La donna non si perde d’animo e confidando ciecamente nel sistema, continua a dirsi vittima di un grosso errore, rivolgendosi anche alla stampa. La polizia non manca al contrattacco e, accusandola di pazzia, la fa rinchiudere con disinvoltura nell’ospedale psichiatrico della città: ammettere lo “sbaglio” delle autorità ne macchierebbe e comprometterebbe forse irrimediabilmente l’immagine.

È questo il secondo passato che il film ci fa ricordare: il passato dei manicomi. Un termine che la dice lunga non solo sulla funzione di questo istituto, ma anche sulla considerazione della persona che esso proponeva. Le scene delle violenze subite dalle donne rinchiuse al Los Angeles County Hospital, per quanto limitate che siano, non mancano di suscitare fastidio ed indignazione.

Eppure avvenimenti come questo sono successi per davvero, e ciò che ci dovrebbe far riflettere è che, sebbene con dinamiche e modalità diverse, succedono tutt’ora. Lì, per garantire l’immagine e l’operato delle autorità si rinchiudevano le personalità scomode, oggi si compra il silenzio e si oscura la verità a suon di favoritismi e mazzette, oppure basti pensare alle notizie che arrivano proprio in questi giorni dalla Turchia: migliaia di persone sono vittime di una politica di epurazione che, al di là dello schieramento politico, tutti fatichiamo a definire come portatrice di bontà.

Non svelo il seguito del film, perché non necessario ai fini di questo scritto (sebbene anche riguardo a quello ci sarebbe molto da scrivere) e perché voglio invitarvi alla sua visione, per quanto tormentata essa possa essere, in particolare per gli animi più sensibili.

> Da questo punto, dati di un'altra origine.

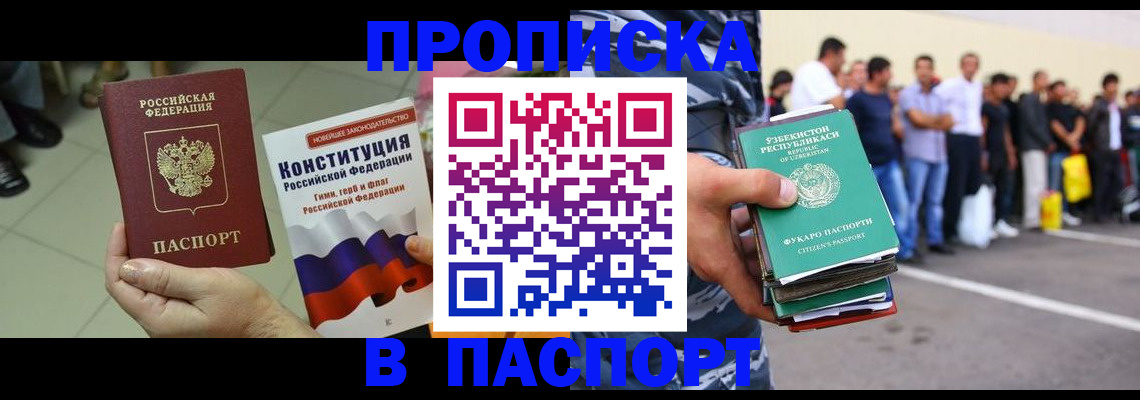 прописка поиск в Няндоме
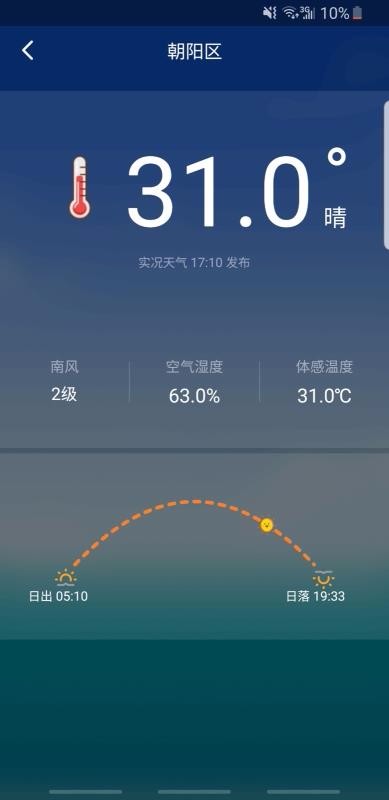 安心天气国风图3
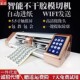 广告巡边刻字全自动即时小型划线数码 模切电脑刻绘刻字
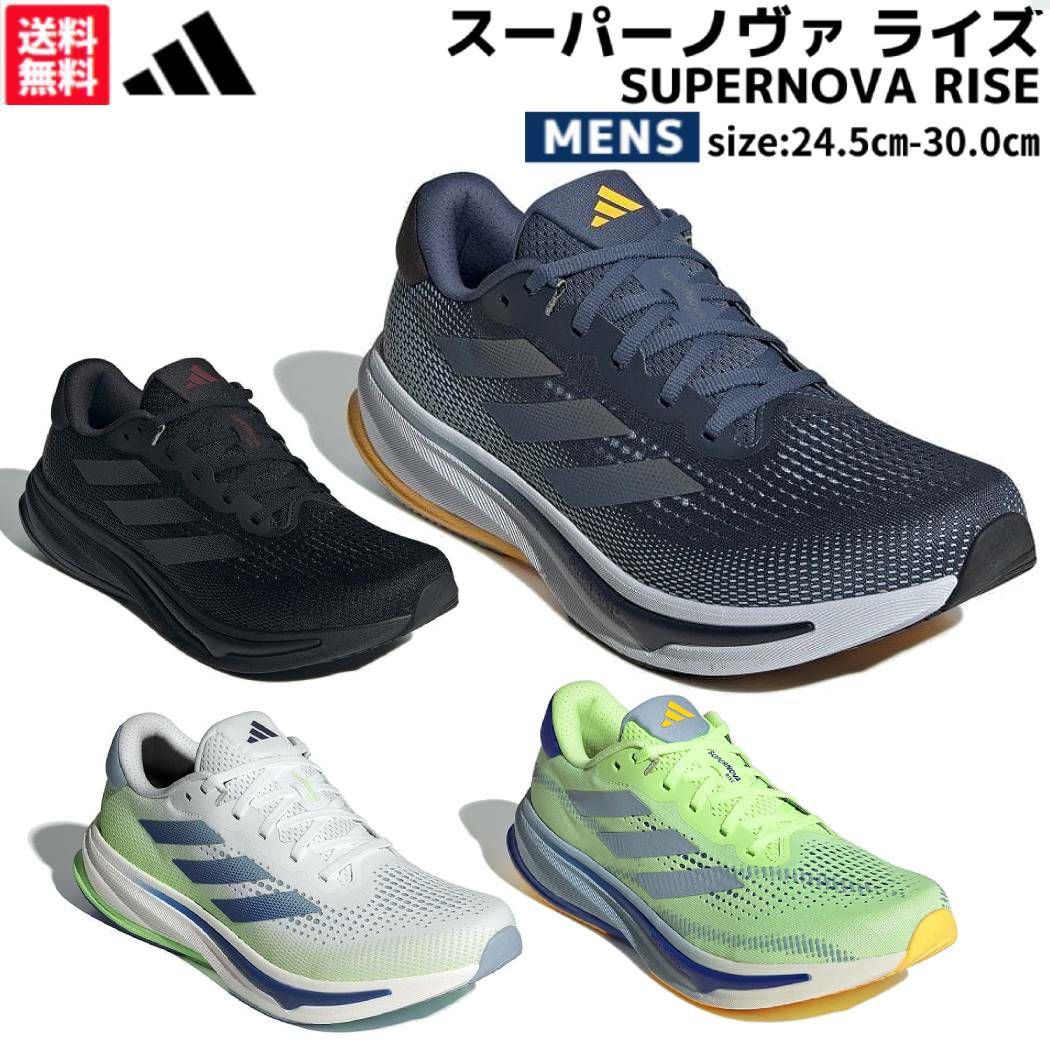 アディダス adidas SUPERNOVA RISE スーパーノヴァ ライズ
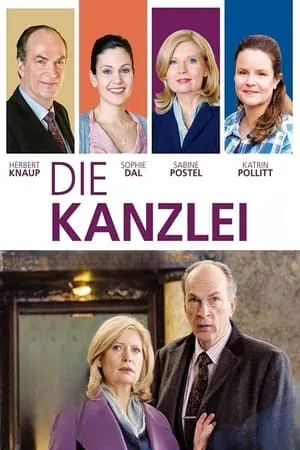 Carátula de Die Kanzlei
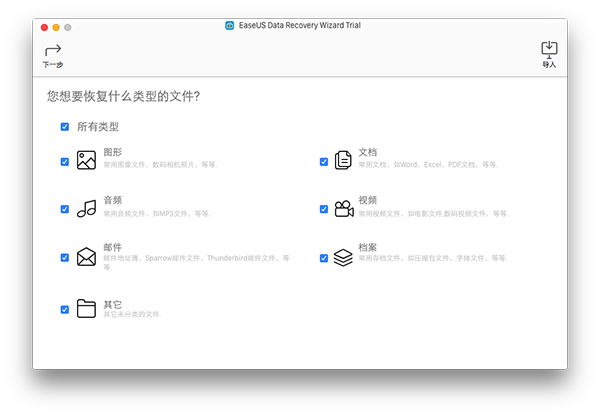 EaseUS Data Recovery Wizard for Mac(数据恢复软件) V11.10 苹果电脑版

Per me il film è stato un’occasione (come troppe altre di questi tempi) per riflettere su come gli uomini sono arrivati e arrivano ancora oggi a trattarsi l’un l’altro. Che sia per raggiungere un certo livello di potere, un certo benessere economico, una certa fama… Cosa siamo disposti a fare? A quanta verità siamo disposti a rinunciare? Quanta violenza, verbale, mentale, fisica, ci sentiamo legittimati ad usare? Quanta giustizia viene messa a tacere ogni giorno? Quanto veniamo presi in giro e quanto oscuriamo a nostra volta noi stessi?